In cities throughout the United States June is Pride, a month to celebrate LGTBQ experience, identity, self-determination, and community. The celebration also commemorates the 1969 Stonewall Uprising, protests against police harassment and violence that were foundational in the Gay Liberation movement. It is also occasion to celebrate LGTBQ filmmakers and filmgoers absolutely paramount contributions to the history of art cinema, from midnight movies, to audiences participation, to the resuscitation of old Hollywood legends as cult figures, much of the vibrancy of the art house community were conceived and nurtured by communities of queer film lovers. This June check out some of the art houses paying tribute to important queer filmmakers and cinema.
Barbara Hammer: The Body in Film, The Wexner Center for the Arts
In addition to presenting the exhibition Barbara Hammer: In This Body, the Wexner Center for the Arts is hosting three programs of work by legendary experimental filmmaker Barbara Hammer.

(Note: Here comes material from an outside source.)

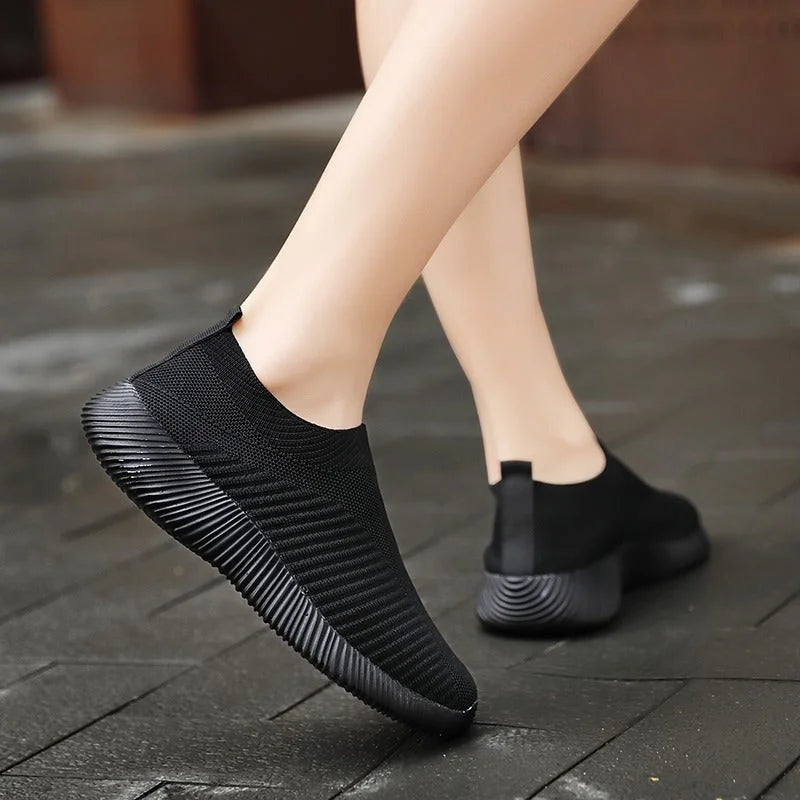 Lightweight & Comfortable Slip-On Sneakers black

The subject of retrospectives at MoMA and the Tate, and a Teddy Award Winner, Hammer was known for her innovative formal style, lyricism, and pioneering depictions of lesbian intimacy and identity, as well as her political conviction and activism. The programs Mortal Bodies, Sensual Bodies, and Political Bodies explore Hammer’s depictions of physical vulnerability, pleasure, and her efforts to “find the political,” and include her films Nitrate Kisses (1992), A Horse is Not a Metaphor (2009), and Multiple Orgasm (1977). A longtime friend of the Wexner, Hammer passed away earlier this year, during her illness she became a committed advocate for terminally ill people’s right to die.

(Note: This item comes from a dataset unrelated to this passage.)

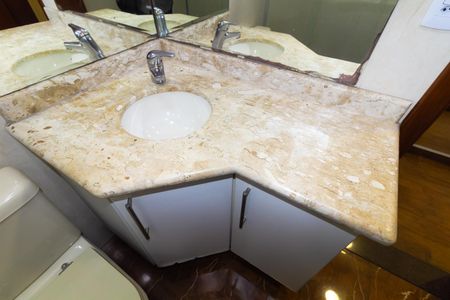 Casa para alugar com 196m², 5 quartos e 4 vagasBanheiro da Suíte 1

Paris is Burning, Film Forum, New York, NY
Before Ryan Murphy’s Pose or KIKI there was Paris is Burning. Activist filmmaker Jennie Livingston filmed Paris, a depiction of the city’s underground ballroom scene, in New York in the late 1980s. Pioneered by LGTBQ Black and Latinx activists and artists, Ballroom created a community in which houses, functioning as families, competed in dance, drag, performance, and fashion categories. Ballroom offered, and continues to offer, a platform to innovate performance art, social critique, and a supportive network in the face of homophobia, poverty, and government failure. Livingston’s films captures key figures from the community including house mother Pepper LeBeija, drag queen Dorian Corey, and choreographer Willie Ninja, describing their approach to dance and performance, and highlighting the political potency of assuming the roles of executives and military officials for ball categories. The film continues to provoke important conversations about vouyerism, white filmmakers’ relationships to their subjects, and who profits from documentary, while remaining a moving encounter with inspiring activists and artists. This June the film returns to New York for screenings at Film Forum.

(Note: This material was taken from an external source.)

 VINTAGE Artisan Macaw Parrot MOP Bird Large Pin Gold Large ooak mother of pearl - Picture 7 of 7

“Since Stonewall,” Trylon Cinema, Minneapolis, MN
The Trylon Cinema in Minneapolis celebrates the anniversary of Stonewall with “Since Stonewall,” a two-screening series featuring presentation of The Boys in the Band (soon to be adapted again by Ryan Murphy), a 1970 film adaptation of the popular off-Broadway play considered one of mainstream film’s first depictions of gay life, and The Celluloid Closet, a seminal documentary about LGTBQ representation in Hollywood Cinema.
Ek Ladki Ko Dekha Toh Aisa Laga, TIFF Bell Lightbox, Toronto, Ontario
TIFF Bell Lightbox presents a screening of Ek Ladki Ko Dekha Toh Aisa Laga, Bollywood’s first lesbian love story and a conversation about representation and inclusivity in Bollywood. Co-written by transgender activist and screenwriter Gazal Dhaliwal, the film is the first to depict Lesbian relationships within the context of a mainstream Indian film (filmmakers including Deepa Metha have previously explored lesbian relationships in indie cinema). Panelists include film programmer Aaditya Aggarwal, and Indu Vashist, Executive Director of the South Asian Visual Arts Center.